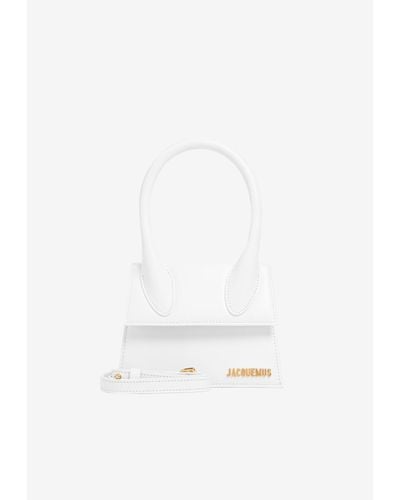 Jacquemus Le Chiquito Moyen Top Handle Bag - White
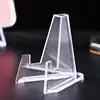 Mini Easels Display Stand  Acrylic Easel Stand Transparent Card Coin Phone Display Holder For Art Classes Trade Show 2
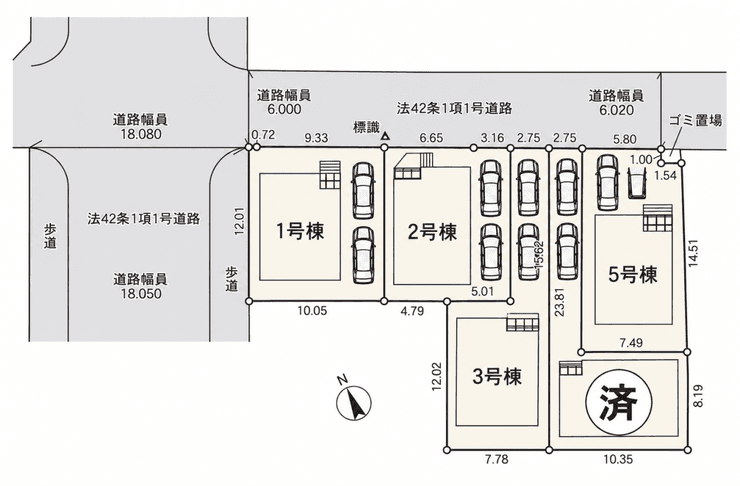 区画割り図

- _TASK_
From the first line to the last, retype the material exactly and exclude the pictures.

- _ANSWER TO THE PROBLEM_
 Jacquemus Le Chiquito Moyen Top Handle Bag - White
 Mini Easels Display Stand  Acrylic Easel Stand Transparent Card Coin Phone Display Holder For Art Classes Trade Show 2
 区画割り図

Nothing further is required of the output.